SOURCE DATA:
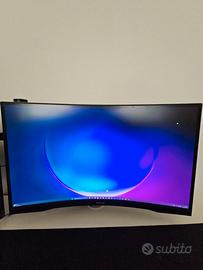 Samsung Odyssey G5 27" Curvo QHD 165 hz (2k)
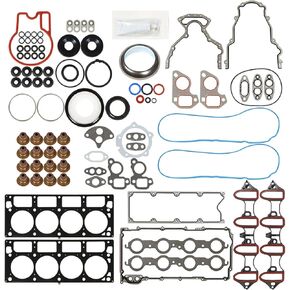 labwork Engine Gasket Set Kit HS26192PT Replacement for GMC Sierra Chevy Silverado 1500 2500 Cadillac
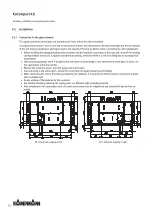 Предварительный просмотр 20 страницы Kampmann KaCompact KG Assembly, Installation And Operating Instructions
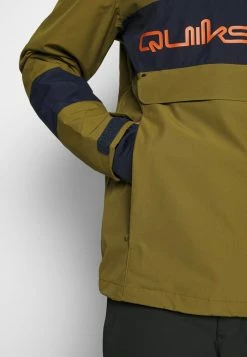 Tout neuf 🤩 Quiksilver STEEZE - Veste De Snowboard - Military Olive 🔔 -Quiksilver Soldes Boutique 700faa9a08314bc39646108e78fb270a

PROBLEM TO WORK ON: Go from the first line of the listing to the line holding "Предварительный просмотр 20" and, please, transcribe those lines exactly, both included, with no pictures.

SOLUTION TO THIS PROBLEM:
 Samsung Odyssey G5 27" Curvo QHD 165 hz (2k)
 labwork Engine Gasket Set Kit HS26192PT Replacement for GMC Sierra Chevy Silverado 1500 2500 Cadillac
 Предварительный просмотр 20 страницы Kampmann KaCompact KG Assembly, Installation And Operating Instructions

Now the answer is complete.